Thirdly, the Sanders plan highlights how charter schools drain funds from public schools. Charter schools are given the per pupil funds that would have been allotted to the public schools and keep that funding even if students leave or are dismissed from the charter schools and return to traditional public schools.  The public schools, of course, are minus the per pupil funding that accompanied the children who enrolled in charter schools.

Charter schools have been able to function in impoverished communities in ways that more affluent and politically savvy communities would not tolerate. Who in more affluent communities would allow their children to go to schools in which there is no accountability for how the taxpayer money is spent, inexperienced teachers who turn over every two years, racial segregation, disregard of the needs of special education learners, and students being dismissed from school or held back a grade in order to boost the school’s test scores or graduation rates?  The answer is no one.

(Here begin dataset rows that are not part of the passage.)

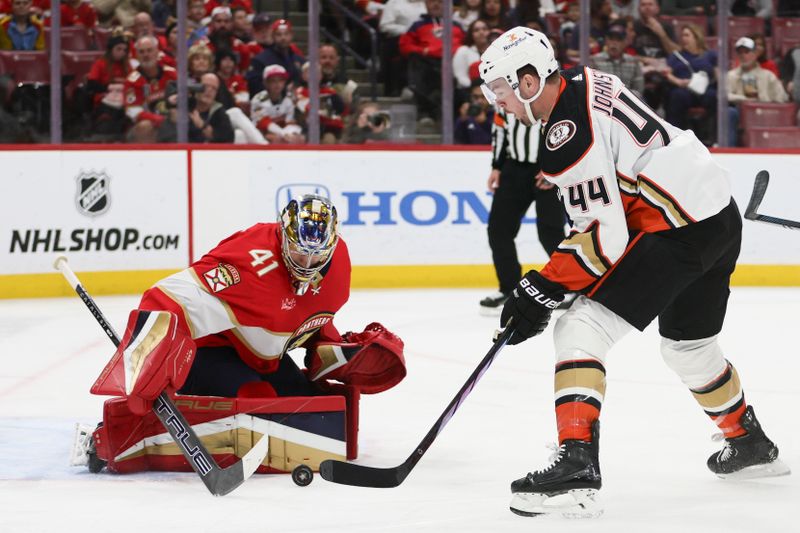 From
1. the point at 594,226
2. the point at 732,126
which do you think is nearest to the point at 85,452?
the point at 594,226

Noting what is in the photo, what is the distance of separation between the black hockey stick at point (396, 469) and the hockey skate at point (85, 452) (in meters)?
0.58

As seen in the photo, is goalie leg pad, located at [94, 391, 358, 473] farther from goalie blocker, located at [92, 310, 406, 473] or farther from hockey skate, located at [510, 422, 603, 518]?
hockey skate, located at [510, 422, 603, 518]

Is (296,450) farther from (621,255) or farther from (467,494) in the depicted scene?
(621,255)

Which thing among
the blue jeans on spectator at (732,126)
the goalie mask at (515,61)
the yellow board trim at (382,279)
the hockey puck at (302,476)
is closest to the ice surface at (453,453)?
the hockey puck at (302,476)

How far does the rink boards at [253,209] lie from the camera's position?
6.57 meters

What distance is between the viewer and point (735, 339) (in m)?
5.25

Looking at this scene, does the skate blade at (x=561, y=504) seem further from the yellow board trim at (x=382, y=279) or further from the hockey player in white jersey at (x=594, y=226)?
the yellow board trim at (x=382, y=279)

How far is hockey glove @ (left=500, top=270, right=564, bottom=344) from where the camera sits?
8.48 ft

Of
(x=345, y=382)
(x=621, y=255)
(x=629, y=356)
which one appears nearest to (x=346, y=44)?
(x=629, y=356)

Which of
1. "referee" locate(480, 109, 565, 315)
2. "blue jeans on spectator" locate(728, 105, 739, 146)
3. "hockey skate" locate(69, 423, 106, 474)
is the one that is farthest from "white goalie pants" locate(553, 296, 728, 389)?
"blue jeans on spectator" locate(728, 105, 739, 146)

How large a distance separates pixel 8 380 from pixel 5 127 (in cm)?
259

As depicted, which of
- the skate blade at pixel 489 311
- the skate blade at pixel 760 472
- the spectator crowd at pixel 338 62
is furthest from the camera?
the spectator crowd at pixel 338 62

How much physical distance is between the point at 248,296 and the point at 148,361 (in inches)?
11.9

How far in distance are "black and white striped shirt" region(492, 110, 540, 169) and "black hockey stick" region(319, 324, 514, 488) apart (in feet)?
10.1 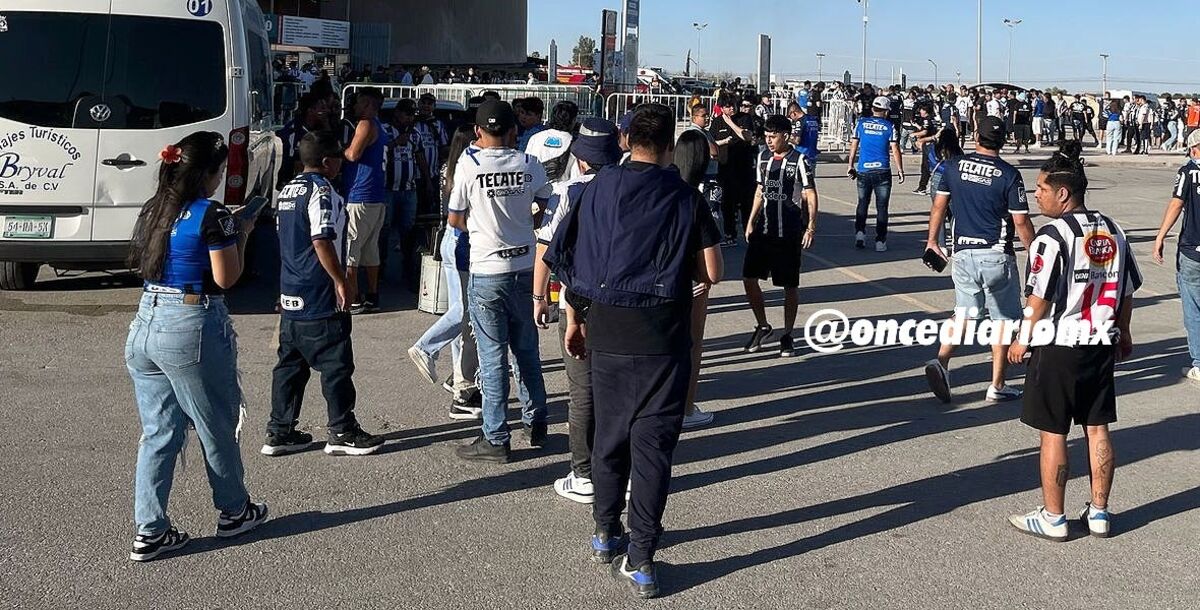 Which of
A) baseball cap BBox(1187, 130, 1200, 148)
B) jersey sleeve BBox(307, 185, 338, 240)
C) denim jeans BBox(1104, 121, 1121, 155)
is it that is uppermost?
denim jeans BBox(1104, 121, 1121, 155)

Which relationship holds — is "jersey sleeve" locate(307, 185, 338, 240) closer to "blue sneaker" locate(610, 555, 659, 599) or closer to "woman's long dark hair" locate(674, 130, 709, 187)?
"woman's long dark hair" locate(674, 130, 709, 187)

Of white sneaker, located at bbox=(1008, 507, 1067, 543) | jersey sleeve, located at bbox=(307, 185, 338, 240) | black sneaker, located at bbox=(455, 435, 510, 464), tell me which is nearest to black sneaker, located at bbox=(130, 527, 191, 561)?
jersey sleeve, located at bbox=(307, 185, 338, 240)

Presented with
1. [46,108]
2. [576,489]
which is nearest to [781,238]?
[576,489]

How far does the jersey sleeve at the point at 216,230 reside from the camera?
4754 millimetres

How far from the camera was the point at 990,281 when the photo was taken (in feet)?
25.3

So how will Bernie Sanders stop the damage to communities caused by unregulated charter school growth? His plan states that, as President, Bernie Sanders will fight to:

  • Ban for-profit charter schools and support the NAACP’s moratorium on public funds for charter school expansion until a national audit has been completed to determine the impact of charter growth in each state. That means halting the use of public funds to underwrite new charter schools.
  • Invest in our public schools system. We do not need two schools systems. That said, existing charter schools must be made accountable by:

– Mandating that charter schools comply with the same oversight requirements as public schools.

– Mandating that at least half of all charter school boards are teachers and parents.

– Disclosing student attrition rates, non-public funding sources, and financial interests.

– Matching employment practices at charters with neighboring district schools, including standards set by collective bargaining agreements and restrictions on exorbitant CEO pay.

–   Supporting the efforts of charter school teachers to unionize and negotiate contracts.

Bernie Sanders has done his homework. He gets it. He knows how to move education in this country forward by enforcing the perspective of those who founded our democracy. He understands what John Adams wrote:

“The Whole People must take upon themselves the Education of the Whole People and must be willing to bear the expenses of it. There should not be a district of one Mile Square without a school in it, not founded by a Charitable individual but maintained at the expense of the People themselves.”

Like John Adams, Bernie Sanders advocates a strong public school system as the foundation of our democracy. The charter school industry has taken us off course; we must invest in our public schools so that our democracy thrives.

And Bernie Sanders is showing us the way.